Les ancêtres défunts, pour leur part, exercent selon les cas une influence positive ou négative sur les membres vivants de leur clan. Ils peuvent à l’égard des vivants, jouer un rôle important : veiller à leur survie, les protéger, intercéder pour eux. Zahan dit que « la mort semble être la conséquence inévitable de la vie »[1]. Effectivement, l’au-delà est une conséquence inévitable de la mort. Et comme la mort, au dire du professeur Ngindu, n’est qu’un passage d’une existence à une autre… la vie de l’homme dans l’au-delà est comme la continuation de la vie terrestre[2]. Dans ce sens aussi la vie dans l’au-delà consiste essentiellement en la rencontre avec ceux qui sont déjà partis et qui protègent le clan. Ceux qu’on avait connus, on les rencontre de nouveau « Mbemba diengene, diengene, kundulu mfuma », l’épervier tourne, tourne, son repos est l’arbre mfuma. On vient du village, on part au village.
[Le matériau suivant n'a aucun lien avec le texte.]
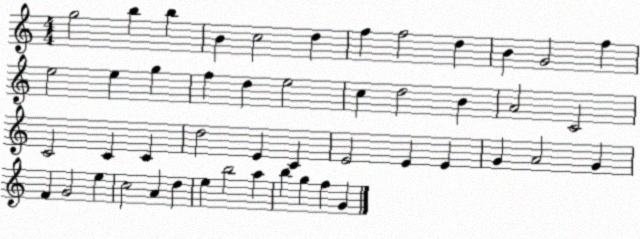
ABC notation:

X:1
T:Untitled
M:4/4
L:1/4
K:C
g2 b b B c2 d f f2 d B G2 f e2 e g f d e2 c d2 B A2 C2 C2 C C d2 E C E2 E E G A2 G F G2 e c2 A d e b2 a b g f G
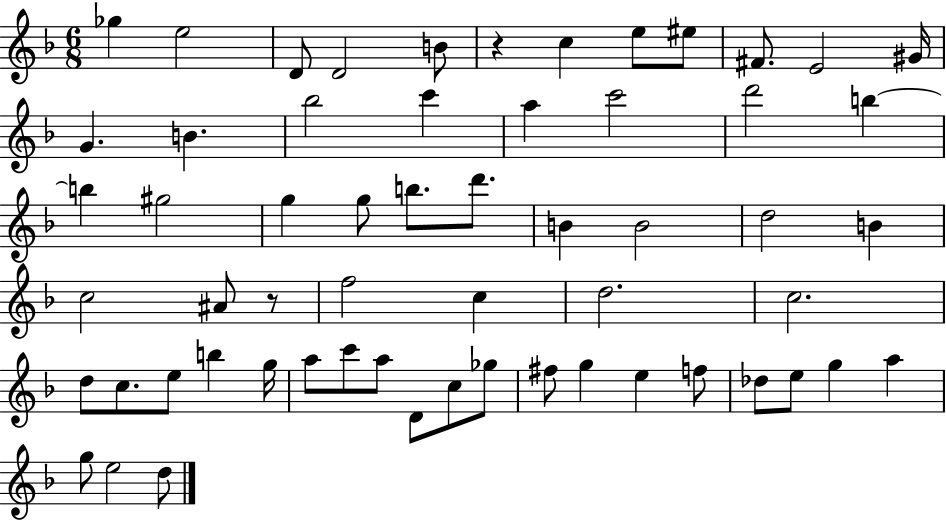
X:1
T:Untitled
M:6/8
L:1/4
K:F
_g e2 D/2 D2 B/2 z c e/2 ^e/2 ^F/2 E2 ^G/4 G B _b2 c' a c'2 d'2 b b ^g2 g g/2 b/2 d'/2 B B2 d2 B c2 ^A/2 z/2 f2 c d2 c2 d/2 c/2 e/2 b g/4 a/2 c'/2 a/2 D/2 c/2 _g/2 ^f/2 g e f/2 _d/2 e/2 g a g/2 e2 d/2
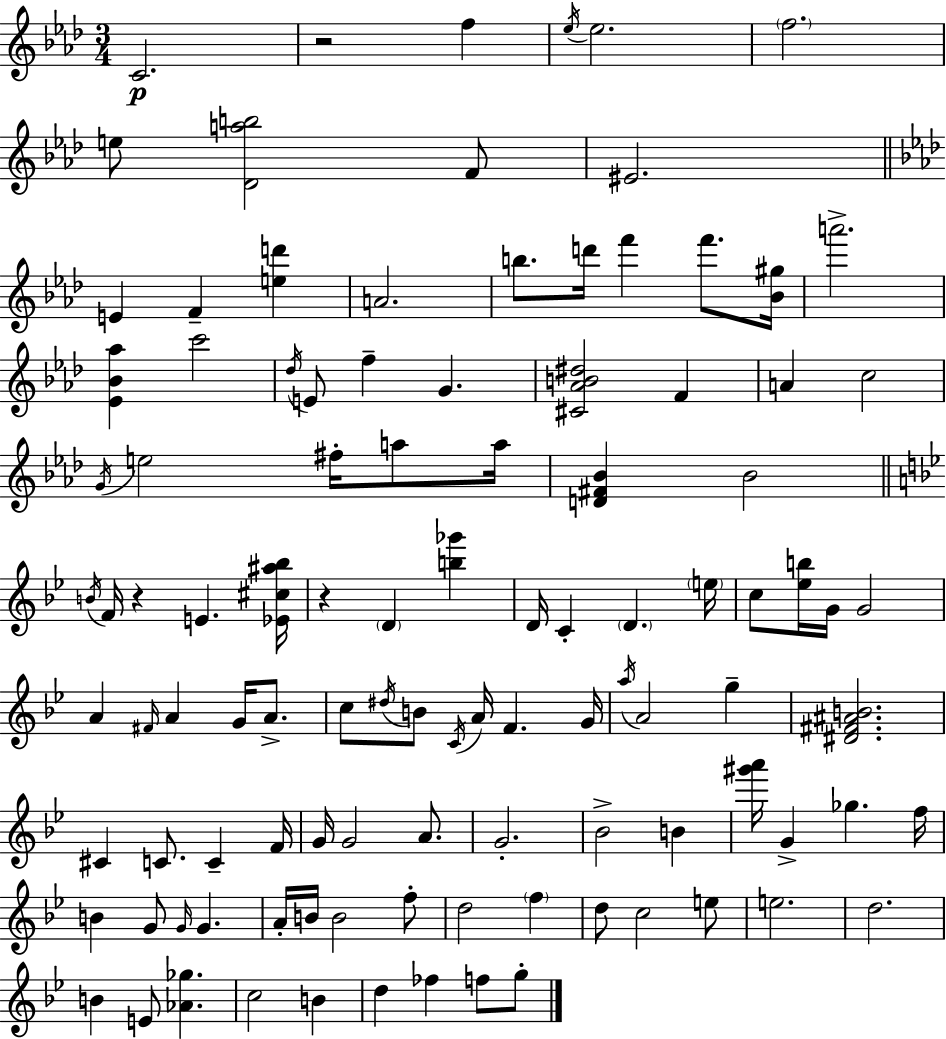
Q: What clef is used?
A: treble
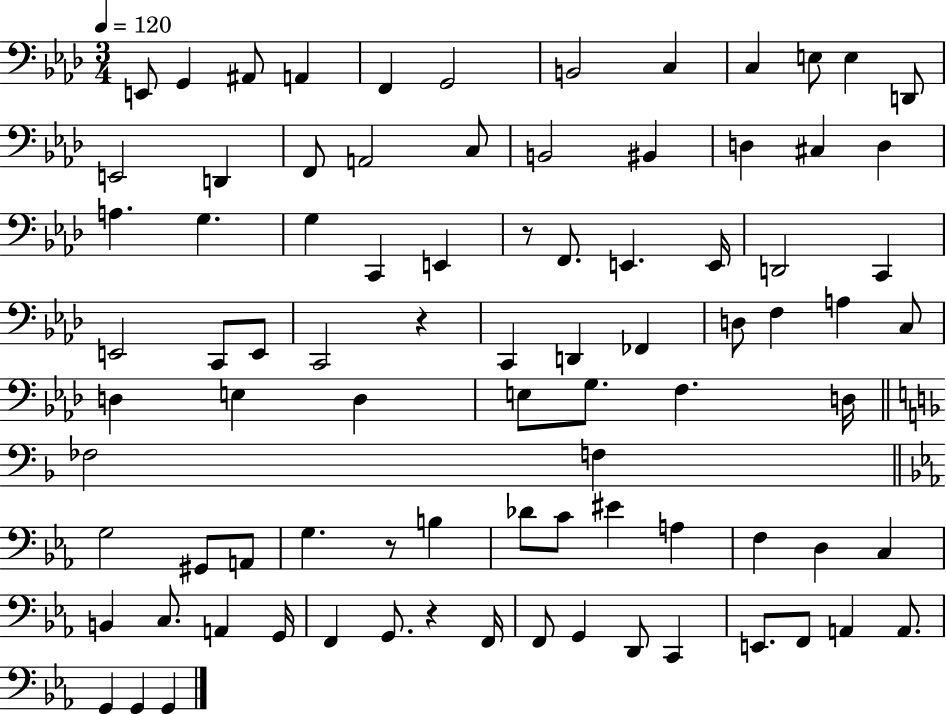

Vivre au village des ancêtres ! Il s’agit d’une vie intégrale, individuelle et communautaire. C’est la même vie du village terrestre qui continue ayant la même source et le même ancêtre premier, vu désormais face à face. Somme toute, la vie dans la conception bantu est un processus qui ne finit pas, mais qui se continue et se transforme en passant de la terre à l’au-delà. A son sujet on peut pourtant parler de mystère, en ce sens qu’elle échappe en quelque sorte aux limites de l’intelligence humaine. Et les bantu vont jusqu’à attribuer cette vie à Dieu, le créateur, source de tout être vivant.



[1] ZAHAN D., Religion, spiritualité et pensée africaine, Paris, 1970, p. 241.

[2] Cf. NGINGU A., « Problème concernant le culte des ancêtres », in B.T.A., vol. 9, janv-juin 1993.